**What is required**. Below this line are records; transcribe exactly the lines between the one holding "Family Quadruple Room photo 3" and the one holding "福照樓汽鍋雞·雲南特色菜(火車站錦江店)", inclusive, and omit the pictures.

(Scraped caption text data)
▼

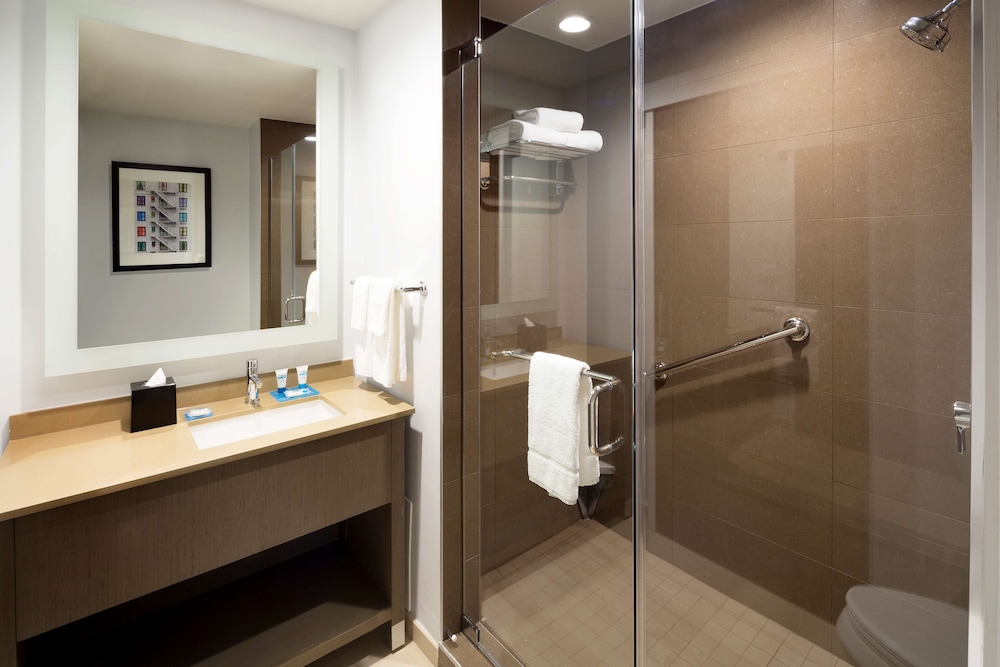 Hyatt House Dallas Frisco 64/67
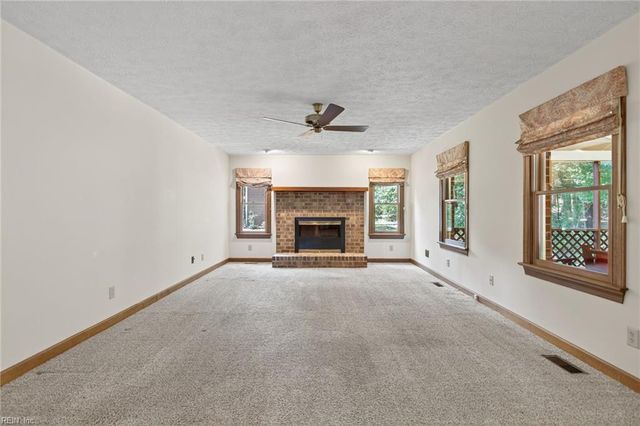 303 Tides RN, Yorktown, VA 23692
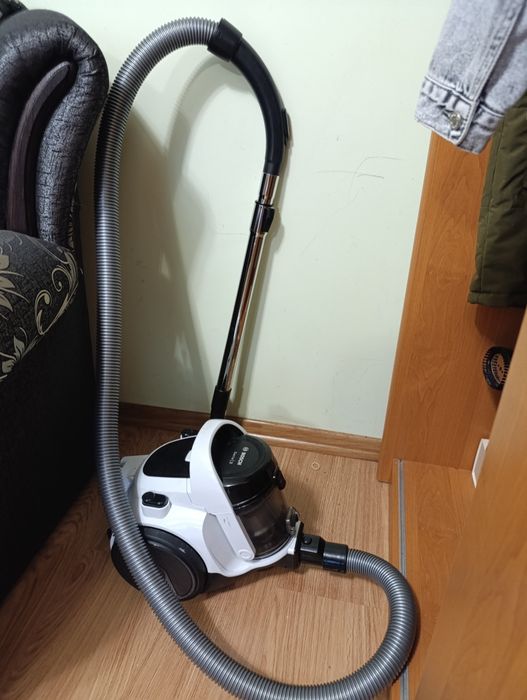Продам пилосос Bosch Serie 2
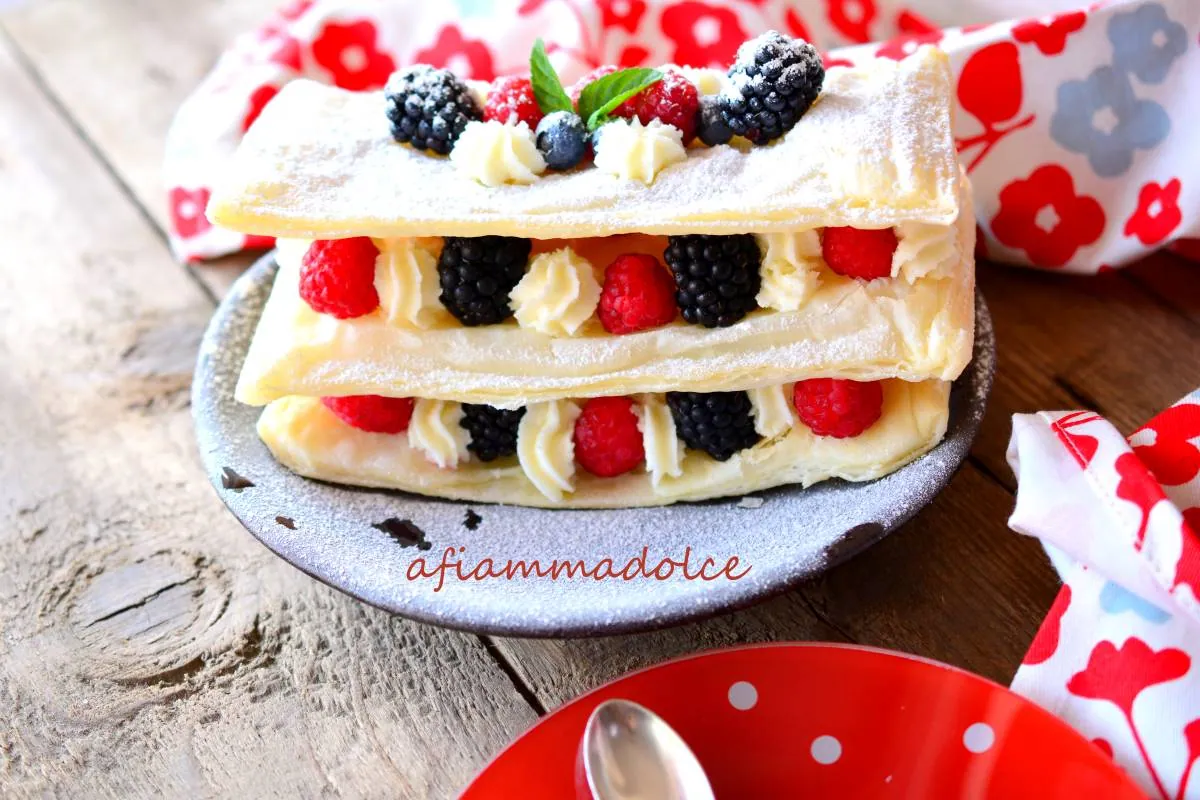 Millefoglie vegan ai frutti di bosco
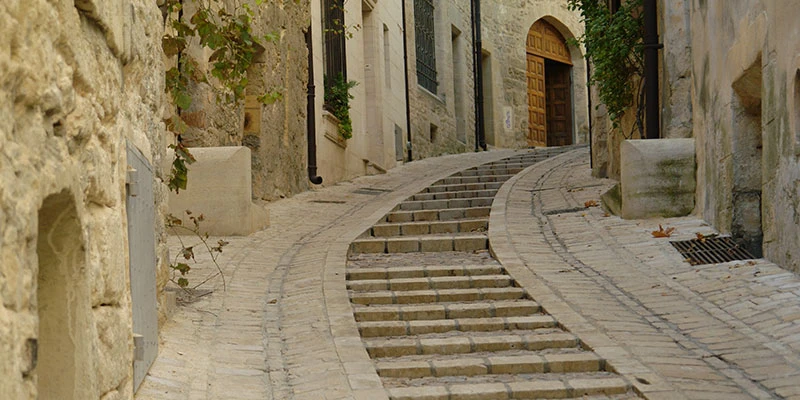Uzes72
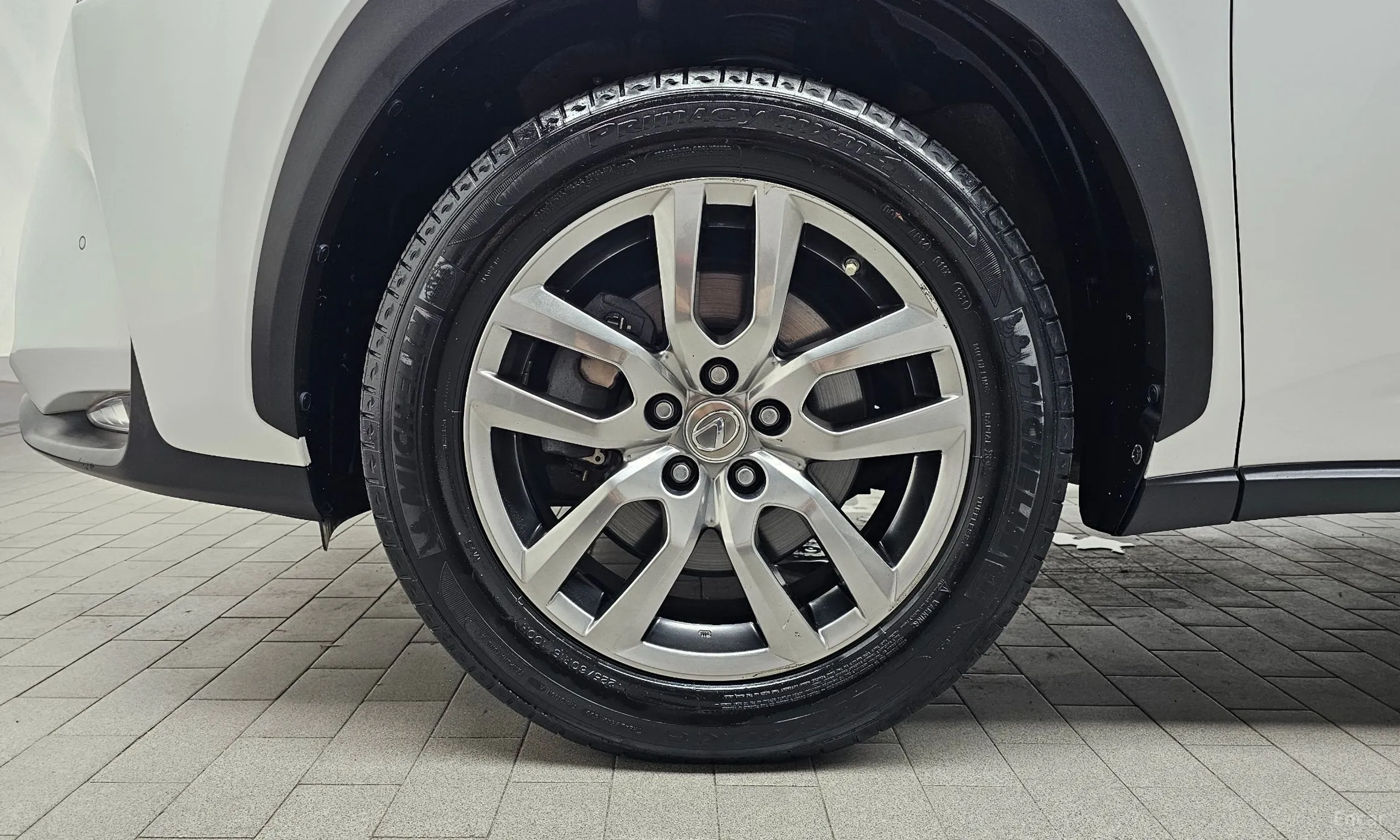 Lexus NX300h превью 5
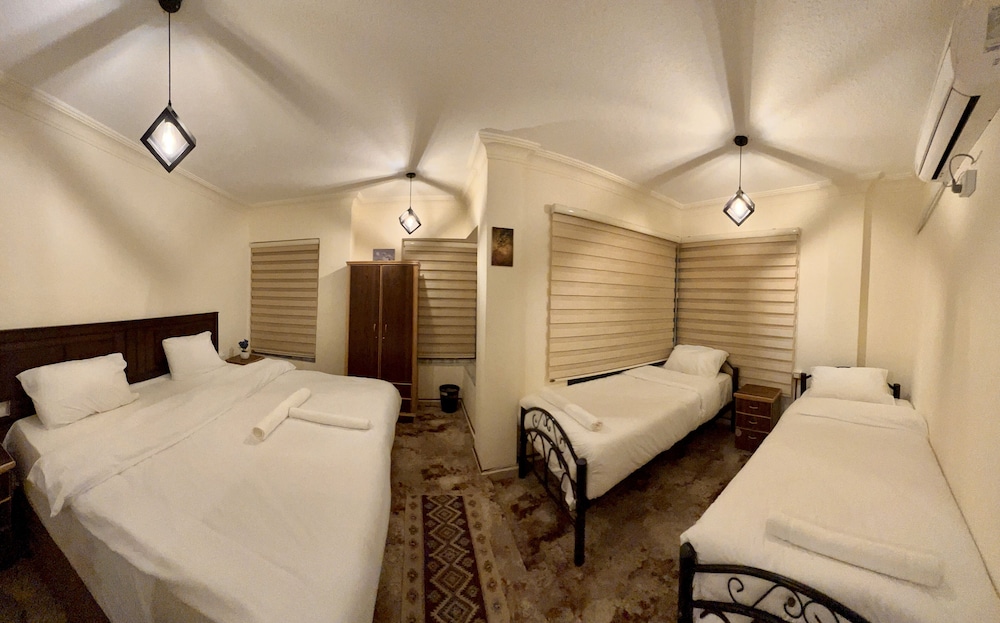Family Quadruple Room photo 3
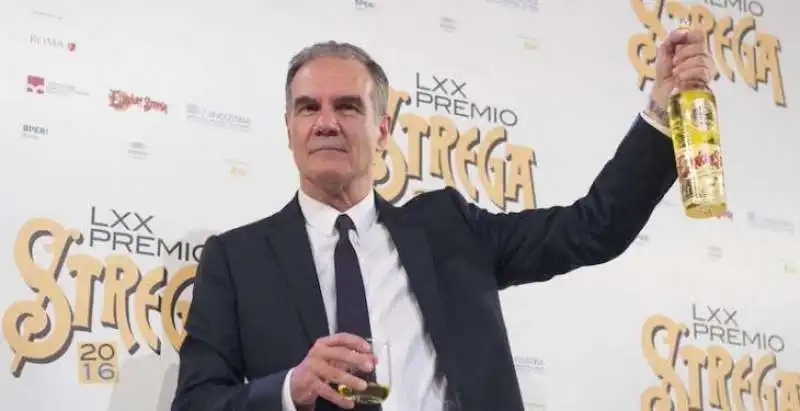 edoardo albinati vince il premio strega 2016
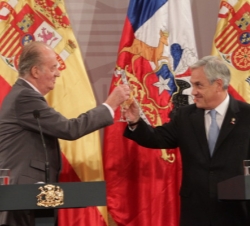 Su Majestad el Rey y el Presidente de la República de Chile brindan en el almuerzo ofrecido en honor de Don Juan Carlos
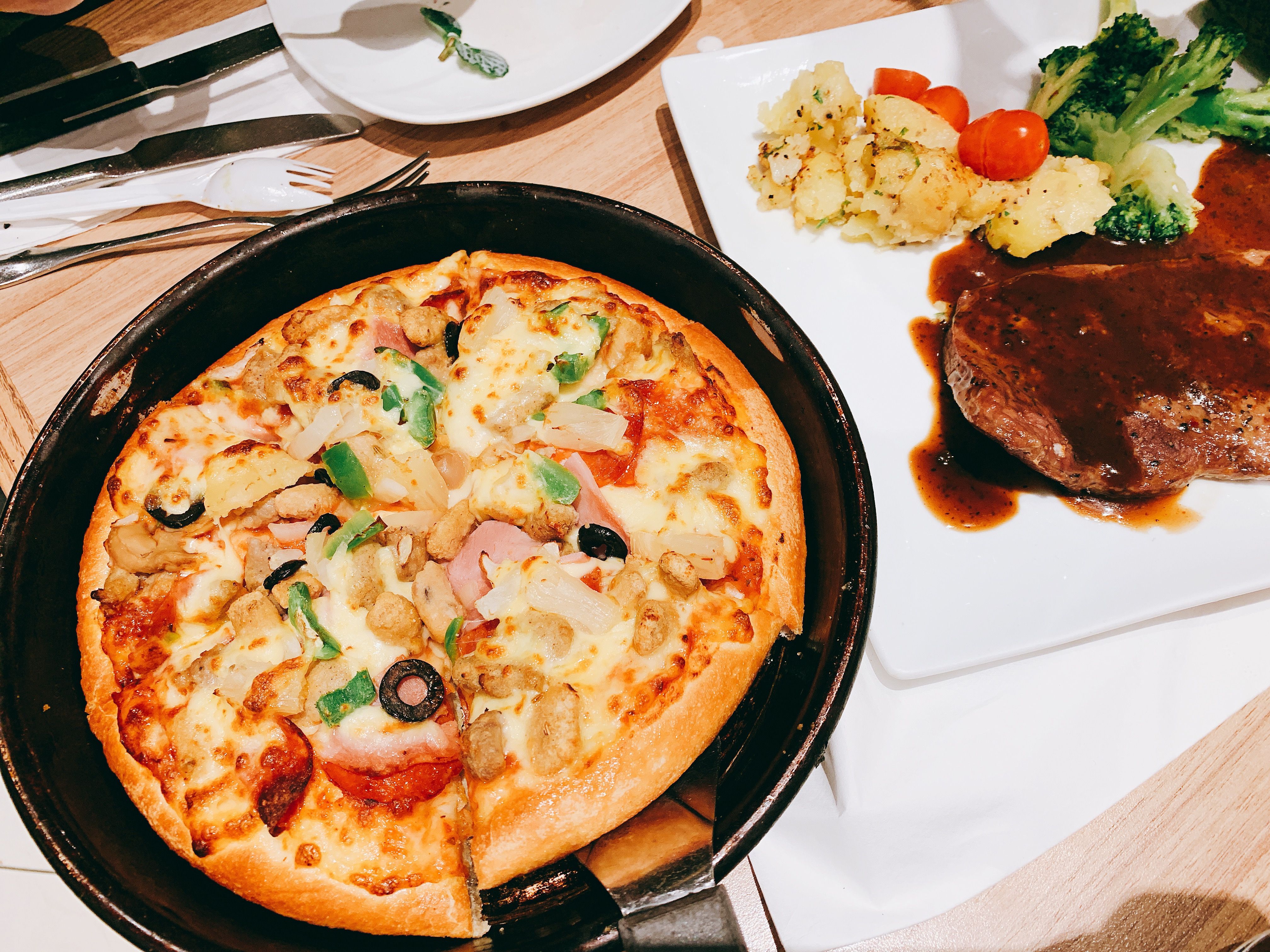 必胜客,披萨的魅力与独特之处,必胜客,披萨的独特魅力与风味体验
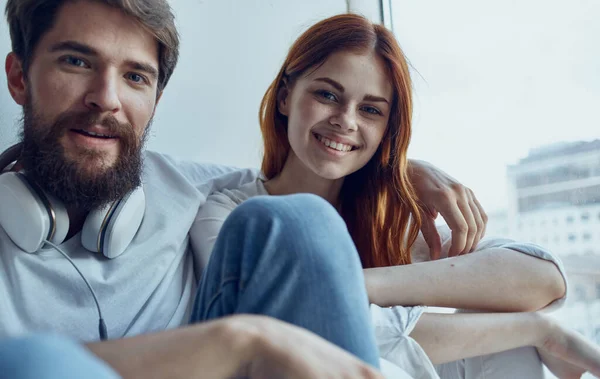 Мужчина и женщина сидят на подоконнике технологии коммуникации интерьера окна радость — стоковое фото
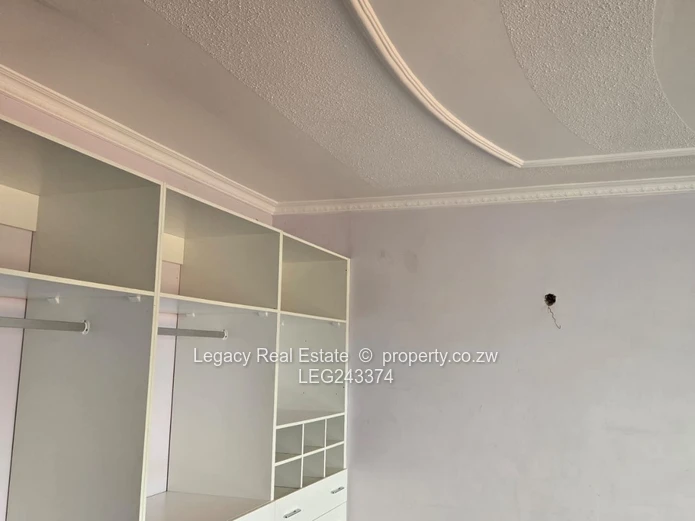 Riverside Park Rental With Sun Lounge & Garden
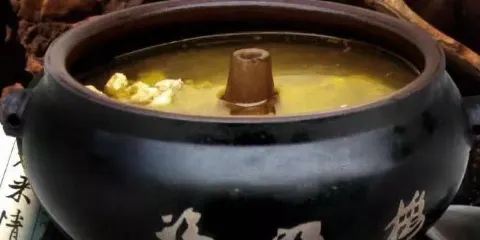 福照樓汽鍋雞·雲南特色菜(火車站錦江店)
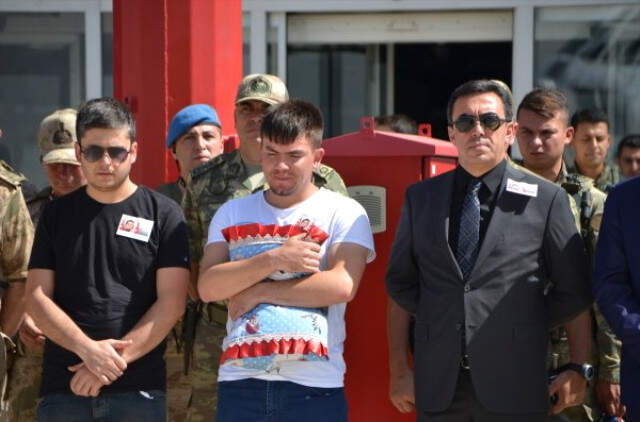 Eşi ve Çocuğunu Şehit Veren Astsubay Serkan Karakaya O Anları Anlattı Eşi ve Çocuğunu Şehit Veren Astsubay Serkan Karakaya O Anları Anlattı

▲

**Response box**.
Family Quadruple Room photo 3
 edoardo albinati vince il premio strega 2016
 Su Majestad el Rey y el Presidente de la República de Chile brindan en el almuerzo ofrecido en honor de Don Juan Carlos
 必胜客,披萨的魅力与独特之处,必胜客,披萨的独特魅力与风味体验
 Мужчина и женщина сидят на подоконнике технологии коммуникации интерьера окна радость — стоковое фото
 Riverside Park Rental With Sun Lounge & Garden
 福照樓汽鍋雞·雲南特色菜(火車站錦江店)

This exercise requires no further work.